Photos that Nath e-mailed to ANIMAL PEOPLE on March 24 showed in unflinching
detail exactly what Nath and his niece, VSPCA hospital manager Swathi
Buddhiraju, are confronting.
Dog control in Madhurvada, another local village, was until their arrival
the job of collectors who packed as many dogs as they could into an iron
cage on two wheels, drawn behind a truck. Dogs who did not suffocate from
being piled on top of each other were bludgeoned.
On the day the photos were taken, Nath and Buddhiraju confronted the dogcatchers
with a copy of the 1960 Prevention of Cruelty to Animals Act. The dogcatchers
fled, leaving the trailer behind. Buddhiraju opened the cage while Nath
documented the scene.
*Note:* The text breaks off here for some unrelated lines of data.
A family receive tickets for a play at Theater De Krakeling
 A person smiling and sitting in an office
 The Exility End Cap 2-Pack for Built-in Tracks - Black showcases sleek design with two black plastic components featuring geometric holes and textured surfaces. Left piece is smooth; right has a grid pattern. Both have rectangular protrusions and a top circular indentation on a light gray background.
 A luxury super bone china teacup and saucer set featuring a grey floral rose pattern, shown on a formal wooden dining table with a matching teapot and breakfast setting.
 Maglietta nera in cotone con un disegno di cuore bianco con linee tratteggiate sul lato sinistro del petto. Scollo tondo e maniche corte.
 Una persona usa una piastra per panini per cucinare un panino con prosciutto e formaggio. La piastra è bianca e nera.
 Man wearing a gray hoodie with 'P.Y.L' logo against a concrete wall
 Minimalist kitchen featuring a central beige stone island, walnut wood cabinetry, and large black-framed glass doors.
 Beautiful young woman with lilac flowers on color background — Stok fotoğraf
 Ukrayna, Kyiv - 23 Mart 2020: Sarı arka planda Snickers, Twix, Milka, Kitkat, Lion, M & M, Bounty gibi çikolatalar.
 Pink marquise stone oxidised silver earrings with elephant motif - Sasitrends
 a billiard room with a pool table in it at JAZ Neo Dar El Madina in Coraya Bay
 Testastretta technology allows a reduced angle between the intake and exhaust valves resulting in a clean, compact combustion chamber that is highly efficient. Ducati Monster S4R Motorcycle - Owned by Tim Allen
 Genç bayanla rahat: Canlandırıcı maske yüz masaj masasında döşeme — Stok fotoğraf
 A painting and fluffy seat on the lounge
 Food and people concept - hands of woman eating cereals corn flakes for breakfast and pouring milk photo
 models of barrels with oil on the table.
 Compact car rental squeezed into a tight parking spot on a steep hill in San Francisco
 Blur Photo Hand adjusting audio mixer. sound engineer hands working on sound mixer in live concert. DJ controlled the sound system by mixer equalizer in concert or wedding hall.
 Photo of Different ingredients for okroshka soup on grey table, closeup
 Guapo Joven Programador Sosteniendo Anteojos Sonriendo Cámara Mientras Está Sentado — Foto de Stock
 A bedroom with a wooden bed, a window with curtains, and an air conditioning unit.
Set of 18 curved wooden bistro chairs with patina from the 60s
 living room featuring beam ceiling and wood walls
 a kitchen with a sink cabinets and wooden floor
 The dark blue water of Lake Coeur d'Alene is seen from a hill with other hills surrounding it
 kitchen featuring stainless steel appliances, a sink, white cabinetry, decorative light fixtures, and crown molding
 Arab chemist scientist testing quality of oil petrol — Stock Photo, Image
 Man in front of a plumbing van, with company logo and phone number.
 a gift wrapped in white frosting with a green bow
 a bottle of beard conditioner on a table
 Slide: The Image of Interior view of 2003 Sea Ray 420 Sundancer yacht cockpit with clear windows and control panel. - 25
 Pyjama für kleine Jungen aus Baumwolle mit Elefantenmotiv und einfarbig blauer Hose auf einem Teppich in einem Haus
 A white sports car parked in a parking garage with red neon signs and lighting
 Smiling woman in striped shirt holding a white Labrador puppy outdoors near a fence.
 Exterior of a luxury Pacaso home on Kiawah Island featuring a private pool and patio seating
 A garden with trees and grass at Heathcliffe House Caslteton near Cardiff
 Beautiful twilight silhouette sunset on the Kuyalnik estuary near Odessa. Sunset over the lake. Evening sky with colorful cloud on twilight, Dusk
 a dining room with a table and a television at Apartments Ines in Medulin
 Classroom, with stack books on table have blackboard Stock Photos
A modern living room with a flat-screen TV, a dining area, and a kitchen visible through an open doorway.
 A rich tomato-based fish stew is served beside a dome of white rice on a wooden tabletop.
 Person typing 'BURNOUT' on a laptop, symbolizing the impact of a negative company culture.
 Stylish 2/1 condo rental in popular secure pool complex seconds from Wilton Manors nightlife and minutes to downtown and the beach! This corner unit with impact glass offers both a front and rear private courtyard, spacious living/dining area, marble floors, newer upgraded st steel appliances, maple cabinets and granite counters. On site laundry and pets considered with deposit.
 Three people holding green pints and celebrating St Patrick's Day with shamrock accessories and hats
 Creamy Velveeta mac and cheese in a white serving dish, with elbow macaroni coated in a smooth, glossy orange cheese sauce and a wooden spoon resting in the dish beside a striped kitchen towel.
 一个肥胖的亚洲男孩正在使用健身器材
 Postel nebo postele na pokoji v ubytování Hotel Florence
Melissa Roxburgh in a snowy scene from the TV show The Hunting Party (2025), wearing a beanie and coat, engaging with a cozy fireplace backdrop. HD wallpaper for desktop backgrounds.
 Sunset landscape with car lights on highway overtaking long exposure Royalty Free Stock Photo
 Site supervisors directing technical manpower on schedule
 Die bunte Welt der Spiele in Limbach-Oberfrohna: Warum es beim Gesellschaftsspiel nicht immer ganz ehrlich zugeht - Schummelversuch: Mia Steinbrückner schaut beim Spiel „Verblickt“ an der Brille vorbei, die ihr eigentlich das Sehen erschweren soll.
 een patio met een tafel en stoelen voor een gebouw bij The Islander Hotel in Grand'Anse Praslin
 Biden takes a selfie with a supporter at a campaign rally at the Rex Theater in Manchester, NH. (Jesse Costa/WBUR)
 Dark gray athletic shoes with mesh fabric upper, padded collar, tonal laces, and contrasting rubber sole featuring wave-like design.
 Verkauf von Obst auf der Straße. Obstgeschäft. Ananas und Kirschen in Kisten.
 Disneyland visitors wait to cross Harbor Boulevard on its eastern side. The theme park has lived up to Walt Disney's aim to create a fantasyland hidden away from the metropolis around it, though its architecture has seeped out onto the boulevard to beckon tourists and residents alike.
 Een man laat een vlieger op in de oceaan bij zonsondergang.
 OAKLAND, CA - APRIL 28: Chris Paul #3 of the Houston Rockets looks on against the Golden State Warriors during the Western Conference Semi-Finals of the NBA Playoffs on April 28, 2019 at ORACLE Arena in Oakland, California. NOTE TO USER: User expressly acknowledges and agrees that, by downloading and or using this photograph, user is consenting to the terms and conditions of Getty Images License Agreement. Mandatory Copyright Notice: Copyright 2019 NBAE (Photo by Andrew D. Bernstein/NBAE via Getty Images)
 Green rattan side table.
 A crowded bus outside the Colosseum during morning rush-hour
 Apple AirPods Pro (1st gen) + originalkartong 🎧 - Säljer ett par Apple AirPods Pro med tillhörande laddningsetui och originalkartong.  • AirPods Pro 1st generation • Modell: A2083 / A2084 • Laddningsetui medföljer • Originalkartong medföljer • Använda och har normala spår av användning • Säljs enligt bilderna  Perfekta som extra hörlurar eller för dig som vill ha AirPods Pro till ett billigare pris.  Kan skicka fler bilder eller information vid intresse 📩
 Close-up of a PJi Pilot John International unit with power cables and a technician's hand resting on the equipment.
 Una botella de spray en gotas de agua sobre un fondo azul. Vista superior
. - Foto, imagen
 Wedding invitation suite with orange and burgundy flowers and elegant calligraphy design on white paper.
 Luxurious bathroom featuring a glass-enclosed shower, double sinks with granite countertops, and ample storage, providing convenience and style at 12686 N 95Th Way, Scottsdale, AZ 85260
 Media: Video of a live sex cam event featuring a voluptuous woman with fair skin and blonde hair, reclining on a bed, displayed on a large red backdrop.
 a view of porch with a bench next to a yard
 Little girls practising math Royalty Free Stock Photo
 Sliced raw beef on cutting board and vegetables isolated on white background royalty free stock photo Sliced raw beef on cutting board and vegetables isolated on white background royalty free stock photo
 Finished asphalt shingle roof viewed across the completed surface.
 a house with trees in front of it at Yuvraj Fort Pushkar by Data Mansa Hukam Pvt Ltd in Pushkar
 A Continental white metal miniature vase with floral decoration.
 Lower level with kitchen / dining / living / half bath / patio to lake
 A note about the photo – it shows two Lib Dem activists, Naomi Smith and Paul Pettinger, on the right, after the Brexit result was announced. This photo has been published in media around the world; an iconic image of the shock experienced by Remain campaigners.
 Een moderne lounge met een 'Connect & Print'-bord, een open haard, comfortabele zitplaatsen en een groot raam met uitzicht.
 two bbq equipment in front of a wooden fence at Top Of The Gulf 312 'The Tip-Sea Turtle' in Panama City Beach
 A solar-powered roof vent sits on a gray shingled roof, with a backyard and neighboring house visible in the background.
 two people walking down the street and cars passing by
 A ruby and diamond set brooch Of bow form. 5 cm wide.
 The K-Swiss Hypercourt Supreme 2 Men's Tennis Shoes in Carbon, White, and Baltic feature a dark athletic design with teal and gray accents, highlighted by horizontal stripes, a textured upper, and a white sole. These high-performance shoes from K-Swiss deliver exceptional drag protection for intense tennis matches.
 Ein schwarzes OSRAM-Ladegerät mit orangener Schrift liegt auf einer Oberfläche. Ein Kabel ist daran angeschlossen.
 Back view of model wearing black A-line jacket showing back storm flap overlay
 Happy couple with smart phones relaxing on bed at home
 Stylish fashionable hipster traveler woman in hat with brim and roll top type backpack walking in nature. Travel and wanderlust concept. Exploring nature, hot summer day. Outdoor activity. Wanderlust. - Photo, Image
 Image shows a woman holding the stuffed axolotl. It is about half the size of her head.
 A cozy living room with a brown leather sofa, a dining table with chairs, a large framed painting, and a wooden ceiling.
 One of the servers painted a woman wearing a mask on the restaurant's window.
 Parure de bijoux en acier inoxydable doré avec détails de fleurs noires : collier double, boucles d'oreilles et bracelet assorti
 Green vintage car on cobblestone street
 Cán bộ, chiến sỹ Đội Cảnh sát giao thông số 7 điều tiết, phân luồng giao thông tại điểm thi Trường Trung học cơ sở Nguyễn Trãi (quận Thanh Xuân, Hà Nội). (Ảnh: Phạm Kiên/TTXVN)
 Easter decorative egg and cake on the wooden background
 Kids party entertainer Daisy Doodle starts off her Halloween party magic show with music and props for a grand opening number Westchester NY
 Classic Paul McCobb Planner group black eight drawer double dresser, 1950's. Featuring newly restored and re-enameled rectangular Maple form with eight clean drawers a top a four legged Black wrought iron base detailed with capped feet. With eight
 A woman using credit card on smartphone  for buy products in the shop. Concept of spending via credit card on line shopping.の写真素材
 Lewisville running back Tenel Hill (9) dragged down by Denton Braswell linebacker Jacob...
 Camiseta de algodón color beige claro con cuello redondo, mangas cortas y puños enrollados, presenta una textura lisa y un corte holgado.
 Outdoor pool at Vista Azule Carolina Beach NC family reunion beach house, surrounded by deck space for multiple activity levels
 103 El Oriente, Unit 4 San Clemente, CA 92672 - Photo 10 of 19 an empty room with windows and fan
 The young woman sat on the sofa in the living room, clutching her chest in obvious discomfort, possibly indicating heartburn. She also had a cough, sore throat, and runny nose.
Seventy-two dogs escaped, leaving the remains of
23 others behind.
Even a photo of dogs leaping to freedom, over the corpses, was too horrific
to publish in ANIMAL PEOPLE, but the sequence can be forwarded electronically
on request to those with a serious need to understand the context of Indian
ABC work.
“We are filing criminal charges against the persons responsible,”
Nath said. “We would like to conduct ABC programs in all of the
villages. I would like to be a millionaire so that we would have the money.”